Moravec's estimate (the 100-trillion-synapse brain) refers to raw "uncompressed" capacity of the brain and one can't really find a problem with that.

However, the brain is what, in computer science, we call a "processing memory". Today's processing memories are mostly limited to content-addressable memory (CAM) that allows you to make two-way translation tables (particularly useful in network routing equipment) or "best-match" CAM.

The brain also works like a CAM, but adds another (inherent) layer of processing : lossy data compression. Lossy data compression is very powerful, let's take a simple example :

Uncompressed video, in DVD quality, takes 26 MB/s.
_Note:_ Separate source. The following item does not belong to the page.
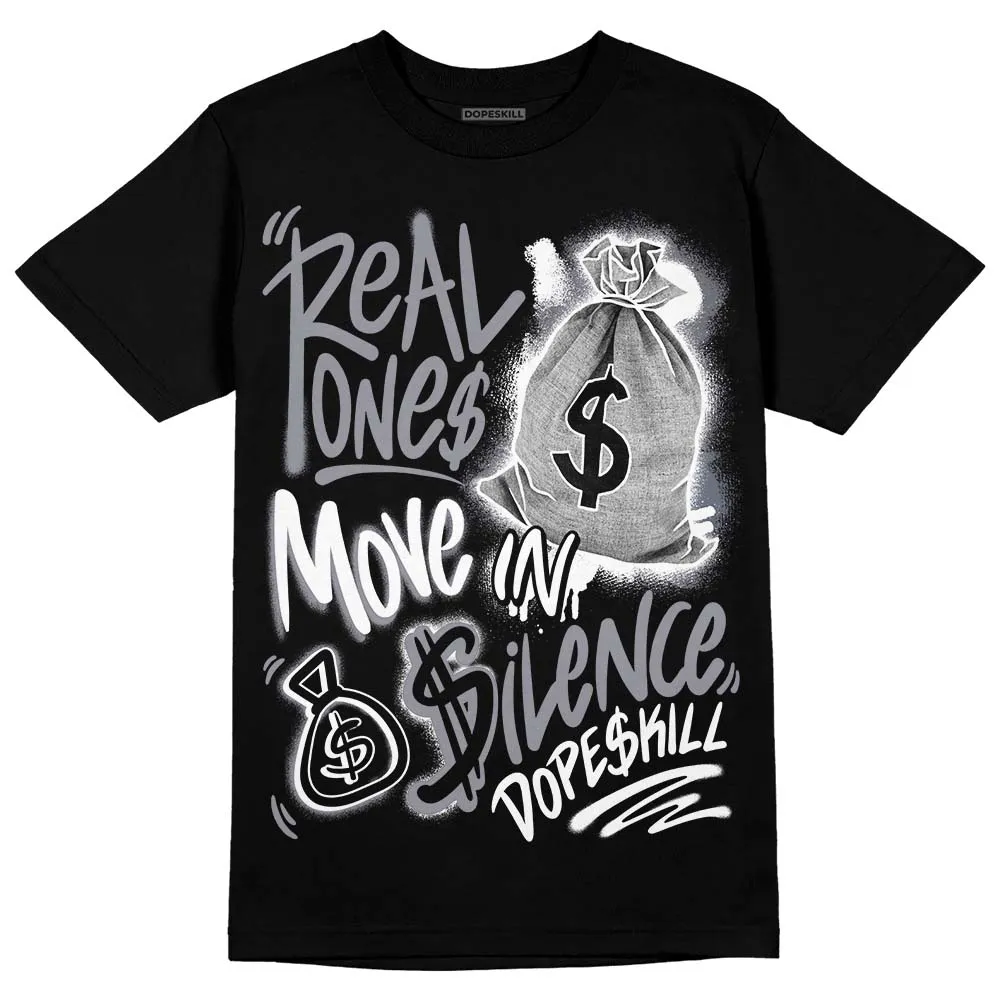 Stealth 14s DopeSkill T-Shirt Real Ones Move In Silence Graphic sold by DopeSkill product image thumbnail 2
The same video, compressed in MPEG-2 with 10 audio tracks (AC-3, 2 languages), takes about 1 MB/s. Video quality is almost impossible to distinguish from uncompressed video.

The same video, compressed in MPEG-4 with 4 audio tracks (WMA, 2 languages), will only take 100 to 200 KILObytes per second... and even if the quality starts lacking, the picture is still very watchable and unmistakable.

The type of data compression the brain uses is far more advanced than MPEG : it will adapt the level of data loss to the usefulness of the data, measured in relation to how much you use (think about) the data. Data loss will always happen on details, so that the most important feature(s) of your memory are "forgotten" last.

If you remember an entire movie by heart for having seen it 50 times over, then this memory alone is equivalent to about 5 or 10 gigabytes of data. And that is really far from everything you know (I suppose :) )

Back to synapses : according to my old neurology / neurobiology lessons, I'd say the state of a synapse cannot be coded satisfyingly on 8 bits, like Moravec suggests, but rather on 16 bits at the very least. 32 bits would seem more than adequate.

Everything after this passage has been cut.